Alternative für das Job Repository

Table Storage existiert bei IONOS nicht – somit musste für das Job Repository ebenfalls eine Alternative her. Wir haben uns für Redis als simplen Key-Value-Store entschieden, ebenfalls deployt in Kubernetes mit PVC. Dieser Schritt erforderte leider eine Anpassung des Applikationscodes in mehreren Komponenten, der Entwicklungsaufwand hielt sich jedoch in Grenzen.

IAM & SSO

IONOS-IAM ist primär zur Zugriffssteuerung auf Cloud-Ressourcen ausgelegt, nicht für echtes Enduser-Management analog eines regulären Identity Providers. Eine mögliche Lösung wäre gewesen, ein eigenes Keycloak-Deployment in Kubernetes als eigenen Identity Provider aufzusetzen. Jedoch haben wir diese Option nicht weiter verfolgt, da unsere Anwendung auf existierende Nutzer in Microsoft Entra ID angewiesen ist und eine Federation mit Azure somit trotzdem notwendig wäre. Daher bleiben wir bei Microsoft Entra ID für SSO – ein pragmatischer Ansatz, der zeigt, dass nicht jeder Service zwangsläufig migriert werden muss.

Zielarchitektur in IONOS

Die Zielarchitektur zeigt einen Mix aus direkten Service-Mappings und notwendigem Re-Architect. Während Standard-Services wie Managed Kubernetes, Container Registry und Object Storage direkt verfügbar sind, musste OpenBao das fehlende Secret Management ersetzen und Redis die Job-Repository-Funktion übernehmen. Für SSO bleibt Microsoft Entra ID erhalten – die finale Lösung ist somit Hybrid.

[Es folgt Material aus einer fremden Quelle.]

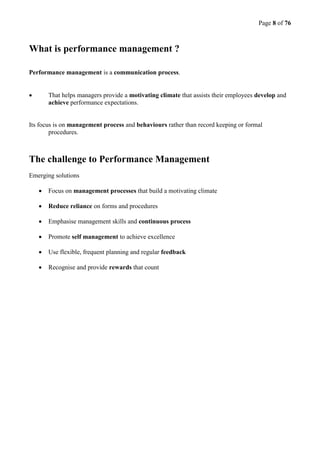 Page 8 of 76
What is performance management ?
Performance management is a communication process.
 That helps managers provide a motivating climate that assists their employees develop and
achieve performance expectations.
Its focus is on management process and behaviours rather than record keeping or formal
procedures.
The challenge to Performance Management
Emerging solutions
 Focus on management processes that build a motivating climate
 Reduce reliance on forms and procedures
 Emphasise management skills and continuous process
 Promote self management to achieve excellence
 Use flexible, frequent planning and regular feedback
 Recognise and provide rewards that count
 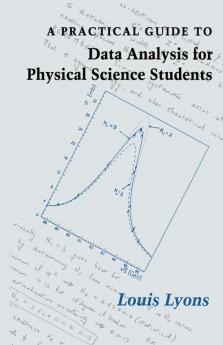 A Practical Guide to Data Analysis for Physical Science Students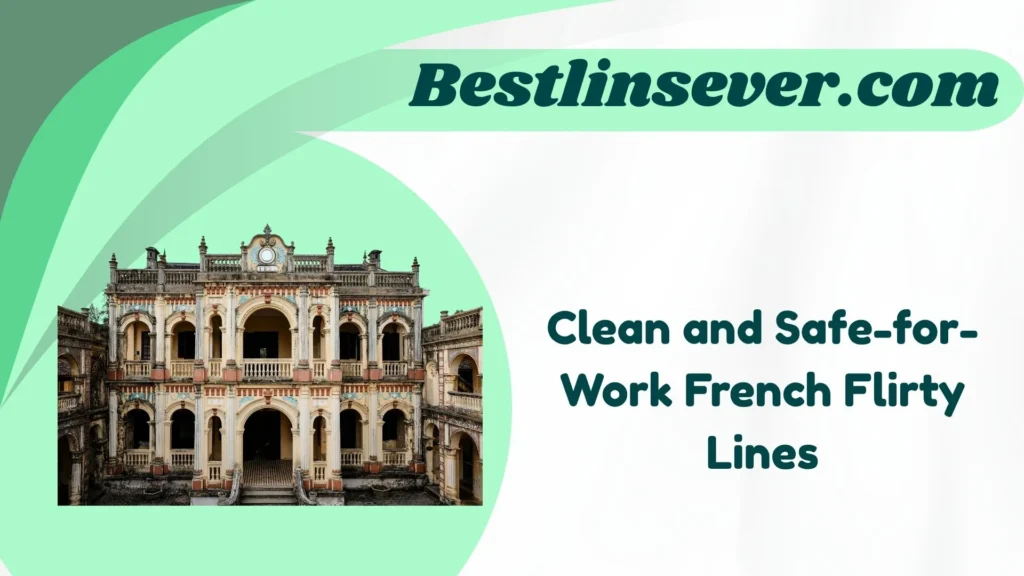 Clean and Safe-for-Work French Flirty Lines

Abb. 4: Anwendungsinfrastruktur in IONOS mit CI/CD Stack und externen Komponenten.


Fazit & Lessons Learned

Kubernetes ist der ultimative Gap-Filler – und Hybrid-Architekturen sind oft die strategisch klügere Realität. Unsere wichtigsten Erkenntnisse aus der Migration:

  • Object Storage, Container Registry und Managed Kubernetes bilden den kleinsten gemeinsamen Nenner zwischen Cloud-Providern

  • Service-Gaps sind überbrückbar, erfordern aber deutlich mehr Engineering-Aufwand

  • Native Cloud-Services reduzieren Komplexität erheblich – deren Fehlen macht sich sofort bemerkbar

  • Infrastructure-as-Code via Terraform funktioniert, hat aber provider-spezifische Limitierungen

  • Kubernetes-native Lösungen bieten oft mehr Flexibilität als Managed Services, verschieben jedoch auch die Betriebsverantwortung ins Team

  • UI/UX-Qualität des IONOS-Portals bietet Raum für Optimierungen 

  • Dokumentation und Guides sind entscheidend für erfolgreiche Implementierungen

  • Mehrkosten entstehen durch den höheren Preis der EU-Cloud-Infrastruktur selbst und durch zusätzliche Entwicklungs- und Betriebskosten für die eigenen Gap-Filler

  • Nicht alles muss migriert werden – strategische Hybrid-Ansätze sind oft praktikabler

Fazit: EU Sovereign Cloud ist technisch machbar, erfordert aber realistisches Erwartungsmanagement bezüglich Entwicklungsaufwand und Feature-Parität. Der Souveränitätsgewinn kommt mit einem Engineering-Overhead, der kalkuliert werden muss.